While £1 million may at first still sound like a substantial sum, a quick glance at the latest annuity rate tables shows that a pension pot of £1 million would provide a level income of just £57,840 per year for a healthy 65 year old male. Likewise, a final salary pension of £50,000 gross per year would also be valued at £1 million for lifetime allowance purposes, so it is clear that this latest reduction will affect a much wider cross section of the public than just the super wealthy.
If no action is taken (and no existing protection applies), the forthcoming £250,000 reduction in the lifetime allowance could cost up to £137,500 in lifetime allowance charges at the point of taking benefits (assuming that benefits are taken as a lump sum and any surplus over the lifetime allowance is taxed at 55%).
It’s not all doom and gloom
As a perhaps unintended consequence of the Government’s decision to taper down annual allowances from April 2016, transitional legislation has had to be introduced to allow the alignment of the dreaded ‘pension input periods’ much to the delight of Accountants and Financial Planners (as with many company accounting periods, some pension schemes have contribution years or pension input periods that do not correspond to the standard tax year).
From 2016/17 onwards, all pension schemes will follow the tax year and, to avoid detriment to those with unusual input periods, the 2015/16 tax year has been sub-divided into two ‘mini tax years’, with a maximum overall annual allowance of £80,000, assuming that you had already contributed at least £40,000 before the Budget on 8th July 2015.
This means that, for those that had already made 2015/16 pension contributions prior to the Budget, up to a further £40,000 ‘extra’ annual allowance will now be available, all of which will attract tax relief up to the highest marginal rate.

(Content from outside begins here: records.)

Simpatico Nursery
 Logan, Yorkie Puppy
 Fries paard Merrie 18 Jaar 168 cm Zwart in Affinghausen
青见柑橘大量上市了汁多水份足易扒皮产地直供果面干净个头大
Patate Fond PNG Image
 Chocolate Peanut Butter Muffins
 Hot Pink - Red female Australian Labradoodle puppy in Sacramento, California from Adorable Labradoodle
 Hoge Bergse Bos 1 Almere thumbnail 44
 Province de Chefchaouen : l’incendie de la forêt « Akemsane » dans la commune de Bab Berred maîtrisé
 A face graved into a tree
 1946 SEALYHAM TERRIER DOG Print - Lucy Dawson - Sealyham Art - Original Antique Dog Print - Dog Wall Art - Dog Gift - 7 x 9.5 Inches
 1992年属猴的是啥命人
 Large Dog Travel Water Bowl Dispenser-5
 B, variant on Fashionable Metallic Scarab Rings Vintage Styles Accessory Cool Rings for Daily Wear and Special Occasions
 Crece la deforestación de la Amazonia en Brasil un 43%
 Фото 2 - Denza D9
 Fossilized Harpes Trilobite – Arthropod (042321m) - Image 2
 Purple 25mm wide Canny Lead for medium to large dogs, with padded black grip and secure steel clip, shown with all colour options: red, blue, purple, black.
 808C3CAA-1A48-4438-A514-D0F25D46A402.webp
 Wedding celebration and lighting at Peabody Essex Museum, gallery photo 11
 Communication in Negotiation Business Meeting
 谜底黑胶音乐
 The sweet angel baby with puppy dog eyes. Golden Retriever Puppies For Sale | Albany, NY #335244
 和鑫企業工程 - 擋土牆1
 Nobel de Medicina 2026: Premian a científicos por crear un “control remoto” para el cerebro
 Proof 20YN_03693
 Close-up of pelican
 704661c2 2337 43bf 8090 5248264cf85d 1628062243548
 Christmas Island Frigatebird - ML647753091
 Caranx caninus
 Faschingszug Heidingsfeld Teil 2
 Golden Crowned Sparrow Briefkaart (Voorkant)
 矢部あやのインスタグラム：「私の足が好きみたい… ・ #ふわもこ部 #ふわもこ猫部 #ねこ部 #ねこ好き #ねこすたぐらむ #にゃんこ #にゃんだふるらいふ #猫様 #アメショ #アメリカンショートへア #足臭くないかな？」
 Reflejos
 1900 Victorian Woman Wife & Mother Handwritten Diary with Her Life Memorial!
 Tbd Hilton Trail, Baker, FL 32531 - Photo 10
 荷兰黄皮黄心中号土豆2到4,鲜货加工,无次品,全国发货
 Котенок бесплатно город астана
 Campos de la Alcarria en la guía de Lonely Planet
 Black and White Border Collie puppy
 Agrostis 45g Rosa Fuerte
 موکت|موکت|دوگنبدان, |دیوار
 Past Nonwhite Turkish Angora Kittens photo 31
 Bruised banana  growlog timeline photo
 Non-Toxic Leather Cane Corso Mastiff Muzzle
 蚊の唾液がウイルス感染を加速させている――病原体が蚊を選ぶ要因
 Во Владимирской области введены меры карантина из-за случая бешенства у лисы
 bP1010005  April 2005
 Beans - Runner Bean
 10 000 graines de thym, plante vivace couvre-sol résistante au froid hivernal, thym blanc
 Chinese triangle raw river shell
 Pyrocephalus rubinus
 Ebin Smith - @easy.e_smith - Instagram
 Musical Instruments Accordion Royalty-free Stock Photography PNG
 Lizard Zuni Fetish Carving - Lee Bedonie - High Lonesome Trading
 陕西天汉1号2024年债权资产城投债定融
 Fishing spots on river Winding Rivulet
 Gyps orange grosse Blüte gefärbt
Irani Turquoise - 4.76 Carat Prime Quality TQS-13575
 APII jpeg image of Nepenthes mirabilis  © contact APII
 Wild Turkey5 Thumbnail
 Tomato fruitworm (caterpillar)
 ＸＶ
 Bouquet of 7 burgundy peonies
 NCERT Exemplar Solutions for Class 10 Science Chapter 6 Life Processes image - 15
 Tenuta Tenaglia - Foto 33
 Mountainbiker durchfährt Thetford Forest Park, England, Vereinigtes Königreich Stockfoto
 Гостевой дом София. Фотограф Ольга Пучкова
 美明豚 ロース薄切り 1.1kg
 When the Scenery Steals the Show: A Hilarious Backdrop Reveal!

For those who did not contribute before the Budget, the annual allowance for 2015/16 will be effectively the same as before the Budget announcement i.e. £40,000.
Likewise, there will be protection available for those that may be affected by the reduction in the lifetime allowance. Fixed Protection 2016 will allow you to preserve the current lifetime allowance of £1.25 million, although as a condition of this, you must cease all pension contributions and relevant accrual in final salary schemes by the end of the 2015/16 tax year.
For those that will have pension benefits valued in excess of £1 million on 5th April 2016, but wish to continue making pension contributions thereafter, Individual Protection 2016 will provide you with a lifetime allowance equal to the value of benefits on 5th April 2016, with just the additional benefits liable to a lifetime allowance charge when they are crystallised.